Dejar que la Iglesia sea la Iglesia.
“Hay que dejar que Dios sea Dios". Así clamaba, a caballo entre los siglos XIII y XIV, el Maestro Erckhart -dominico, filósofo, teólogo y místico alemán-, desde su cátedra de Teología en París -la Universidad más prestigiosa de su época-, que ocupó durante varios periodos. Era el consejo de un verdadero sabio, humana y espiritualmente hablando.
“Tenemos que dejar” que Dios sea Dios, y que su Iglesia sea su Iglesia, si queremos reconducir esta situación por la que está atravesando desde hace ya más de 50 años. Y que la pone en un dilema de extrema gravedad: o “ser” o “no ser".
Con san Juan Pablo II podríamos gritarle -como lo hizo él a toda Europa-: ¡Iglesia, “sé tu misma", “recupera tus raíces", “vuelve a ser tú misma"!

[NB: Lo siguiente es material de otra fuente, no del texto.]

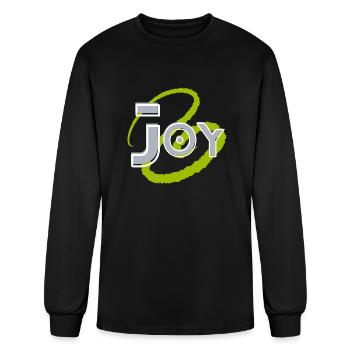 Godly Girl Gear Joy - Men's Long Sleeve T-Shirt - black - Front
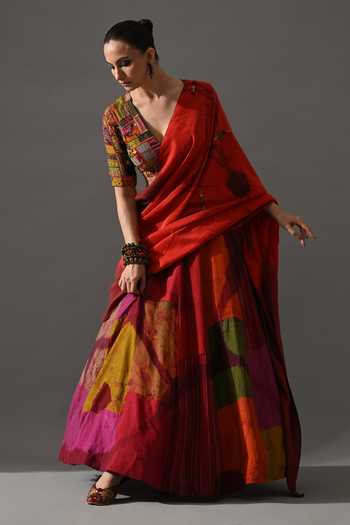 Medha Rangeela Patch Work Lehenga Set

Que se ha perdido el norte, que es Cristo -su Palabra y su Vida- es algo tan evidente que no necesitaría ni comentario. Pero, para pisar sobre seguro, señalaremos algunos apuntes.
La descristianización del Occidente -del primer mundo- es ya casi, casi, un lugar común; pero no por eso deja de ser menos cierto.